Friday, August 23, 2024

Western Catholics ‘are not looking’ at Church’s global future

 

20 August 2024, The Tablet

Western Catholics ‘are not looking’ at Church’s global future


The Filipino charismatic movement El Shaddai has 10 million followers and is the largest Catholic lay organisation in the world.

Charismatic Catholicism is “a huge story that we are not looking at” and charismatic practice is “drawing a huge number of believers in Central and South America, Africa and in the Philippines”, according to the sociologist Dr Thomas Landy

Speaking to a Tablet webinar on “Global Christianity: The future of the Catholic Church”, Dr Landy described Pentecostal-style new communities in Ivory Coast as “probably the biggest story” in the country and “a driver of evangelisation there”.

“More of these are popping up than parishes,” he said. “They are spreading throughout the country. They are spreading beyond the country, trying to become global missionaries. They are really a moving force there, though one that the Church doesn't always know how to deal with particularly well.”

Landy specialises in the sociology of religion and Catholicism and is director of the Rev Michael C. McFarland SJ Centre for Religion, Ethics and Culture, at the College of the Holy Cross in the US.

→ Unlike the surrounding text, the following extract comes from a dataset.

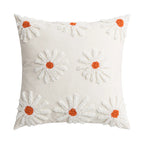 Embroidered Flower Throw Pillow Covers – Boho Cotton Cushion Covers for Bed, Sofa & Home Decor (30x50cm / 45x45cm)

He also highlighted a Filipino movement called El Shaddai, which has 10 million followers and is “the largest Catholic lay organisation in the world, one that I would venture to guess that most people here have never heard of. It is a potent force in the Filipino diaspora.”

While he emphasised that he did not have “a particular narrative” to share about the growth of charismatic Catholicism, he said about 75 million Catholics around the world subscribed to its movements.

“It's one of the energetic forces in the world, and it is a place that the charismatic consciousness, with its focus and witness on healing, on the power of prayer and God’s regular intervention in daily life, is very different to most Europeans’ more rationalised emphasis.”

He hoped he could help people to look at the rest of the world for the stories that they are not paying attention to.

The webinar focused on how global Catholicism has expanded more over the last 100 years than at any time in its existence, with an estimated 75 per cent of Catholics today living outside the West.  

Landy said it was important to consider what this meant for Catholicism. “How are changing demographics and population growth in different parts of the world shaping the Catholic Church of the future?”

He continued: “Those of us in the West have looked at changes since the 1960s and framed them as inevitable narratives about secularisation and what happens in the face of modernisation. The assumption of inevitability is baked into them. It has turned them into self-fulfilling prophecies.”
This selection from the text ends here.